→ Aim of the exercise
Work through the data below and copy out every line where "Round" is found.

===== Data records =====

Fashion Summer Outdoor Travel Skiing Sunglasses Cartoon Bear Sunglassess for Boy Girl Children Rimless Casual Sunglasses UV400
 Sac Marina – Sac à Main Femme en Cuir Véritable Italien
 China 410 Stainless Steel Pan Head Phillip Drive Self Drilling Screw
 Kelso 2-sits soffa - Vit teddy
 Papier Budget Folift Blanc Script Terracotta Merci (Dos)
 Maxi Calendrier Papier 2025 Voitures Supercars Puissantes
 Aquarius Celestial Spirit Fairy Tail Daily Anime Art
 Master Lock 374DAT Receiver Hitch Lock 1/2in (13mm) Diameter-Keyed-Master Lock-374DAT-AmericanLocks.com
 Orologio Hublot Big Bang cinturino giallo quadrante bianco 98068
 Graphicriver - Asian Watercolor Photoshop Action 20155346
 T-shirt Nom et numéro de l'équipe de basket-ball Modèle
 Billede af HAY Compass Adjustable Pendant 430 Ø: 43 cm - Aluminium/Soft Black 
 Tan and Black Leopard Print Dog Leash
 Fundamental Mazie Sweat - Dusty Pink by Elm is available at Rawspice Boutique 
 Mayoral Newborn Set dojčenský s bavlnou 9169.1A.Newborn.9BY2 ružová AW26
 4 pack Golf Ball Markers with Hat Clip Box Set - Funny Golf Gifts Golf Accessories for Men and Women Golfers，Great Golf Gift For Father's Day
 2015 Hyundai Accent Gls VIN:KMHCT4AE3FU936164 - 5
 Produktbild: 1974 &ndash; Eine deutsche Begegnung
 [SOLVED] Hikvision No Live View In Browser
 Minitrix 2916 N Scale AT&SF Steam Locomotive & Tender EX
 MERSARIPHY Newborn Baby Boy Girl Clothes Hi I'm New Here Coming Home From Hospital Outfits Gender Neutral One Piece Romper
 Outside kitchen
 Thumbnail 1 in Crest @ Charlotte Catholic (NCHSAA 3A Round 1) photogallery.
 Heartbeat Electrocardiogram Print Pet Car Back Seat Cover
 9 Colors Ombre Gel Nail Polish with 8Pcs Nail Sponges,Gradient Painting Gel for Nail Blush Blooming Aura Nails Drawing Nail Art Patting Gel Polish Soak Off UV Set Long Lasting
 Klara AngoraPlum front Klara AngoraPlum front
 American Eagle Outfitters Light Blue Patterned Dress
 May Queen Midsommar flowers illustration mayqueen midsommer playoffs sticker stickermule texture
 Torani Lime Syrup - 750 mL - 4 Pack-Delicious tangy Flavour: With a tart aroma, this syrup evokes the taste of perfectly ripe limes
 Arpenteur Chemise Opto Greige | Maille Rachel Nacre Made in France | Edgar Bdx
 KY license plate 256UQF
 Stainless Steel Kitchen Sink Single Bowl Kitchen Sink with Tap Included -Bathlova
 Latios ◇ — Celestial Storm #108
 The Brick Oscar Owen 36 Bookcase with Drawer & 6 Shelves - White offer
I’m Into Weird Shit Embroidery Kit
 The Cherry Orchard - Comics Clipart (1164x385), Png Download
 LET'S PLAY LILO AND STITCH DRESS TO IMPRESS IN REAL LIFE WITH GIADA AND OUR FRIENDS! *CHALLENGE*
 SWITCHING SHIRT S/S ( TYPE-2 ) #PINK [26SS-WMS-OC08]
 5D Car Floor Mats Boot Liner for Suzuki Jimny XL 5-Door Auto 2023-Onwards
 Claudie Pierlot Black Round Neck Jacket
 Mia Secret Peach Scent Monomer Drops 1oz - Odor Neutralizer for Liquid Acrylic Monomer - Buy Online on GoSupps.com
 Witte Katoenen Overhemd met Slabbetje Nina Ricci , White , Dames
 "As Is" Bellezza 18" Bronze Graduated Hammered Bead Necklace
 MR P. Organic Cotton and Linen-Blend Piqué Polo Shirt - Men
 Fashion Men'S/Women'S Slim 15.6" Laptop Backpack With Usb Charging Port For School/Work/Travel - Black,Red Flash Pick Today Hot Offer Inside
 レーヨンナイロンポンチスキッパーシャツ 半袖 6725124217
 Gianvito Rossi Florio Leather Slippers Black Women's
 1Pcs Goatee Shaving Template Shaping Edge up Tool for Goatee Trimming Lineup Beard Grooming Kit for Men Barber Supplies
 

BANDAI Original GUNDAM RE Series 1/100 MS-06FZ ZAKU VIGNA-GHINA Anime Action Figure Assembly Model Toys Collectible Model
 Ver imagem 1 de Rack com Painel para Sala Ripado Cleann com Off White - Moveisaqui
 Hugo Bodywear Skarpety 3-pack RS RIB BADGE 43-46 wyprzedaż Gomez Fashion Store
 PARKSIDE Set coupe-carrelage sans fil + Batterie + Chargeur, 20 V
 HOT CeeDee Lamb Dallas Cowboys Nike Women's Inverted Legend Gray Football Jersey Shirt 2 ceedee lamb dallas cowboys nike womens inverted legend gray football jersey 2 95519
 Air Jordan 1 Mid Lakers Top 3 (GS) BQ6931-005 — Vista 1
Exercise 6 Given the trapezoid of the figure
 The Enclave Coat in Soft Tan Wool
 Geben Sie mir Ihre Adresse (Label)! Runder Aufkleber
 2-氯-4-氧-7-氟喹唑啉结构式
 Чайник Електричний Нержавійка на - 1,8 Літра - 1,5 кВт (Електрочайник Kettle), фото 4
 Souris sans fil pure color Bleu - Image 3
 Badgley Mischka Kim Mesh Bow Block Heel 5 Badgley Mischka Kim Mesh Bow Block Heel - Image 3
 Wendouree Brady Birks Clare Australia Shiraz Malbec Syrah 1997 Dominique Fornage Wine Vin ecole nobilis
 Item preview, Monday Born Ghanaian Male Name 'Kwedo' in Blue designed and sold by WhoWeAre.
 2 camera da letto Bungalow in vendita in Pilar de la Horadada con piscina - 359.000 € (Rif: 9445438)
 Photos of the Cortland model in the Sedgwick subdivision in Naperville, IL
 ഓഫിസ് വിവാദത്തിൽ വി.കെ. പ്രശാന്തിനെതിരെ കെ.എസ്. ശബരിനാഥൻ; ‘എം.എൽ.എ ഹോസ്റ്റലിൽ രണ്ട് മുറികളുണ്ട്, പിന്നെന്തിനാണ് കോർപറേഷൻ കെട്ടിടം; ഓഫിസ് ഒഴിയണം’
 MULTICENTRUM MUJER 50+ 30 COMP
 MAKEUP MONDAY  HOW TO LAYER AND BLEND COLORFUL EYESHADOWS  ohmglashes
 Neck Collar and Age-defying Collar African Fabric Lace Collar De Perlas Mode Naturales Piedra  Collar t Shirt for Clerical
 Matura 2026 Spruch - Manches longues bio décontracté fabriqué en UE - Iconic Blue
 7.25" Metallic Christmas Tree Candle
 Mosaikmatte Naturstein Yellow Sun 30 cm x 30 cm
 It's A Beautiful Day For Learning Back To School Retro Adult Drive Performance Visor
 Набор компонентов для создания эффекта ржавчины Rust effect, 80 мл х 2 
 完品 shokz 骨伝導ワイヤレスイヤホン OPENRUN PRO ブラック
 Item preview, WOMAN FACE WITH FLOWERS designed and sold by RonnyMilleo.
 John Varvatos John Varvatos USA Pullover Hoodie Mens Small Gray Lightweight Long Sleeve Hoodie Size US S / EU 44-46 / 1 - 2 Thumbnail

=====

→ Exercise solution
 Thumbnail 1 in Crest @ Charlotte Catholic (NCHSAA 3A Round 1) photogallery.
 Claudie Pierlot Black Round Neck Jacket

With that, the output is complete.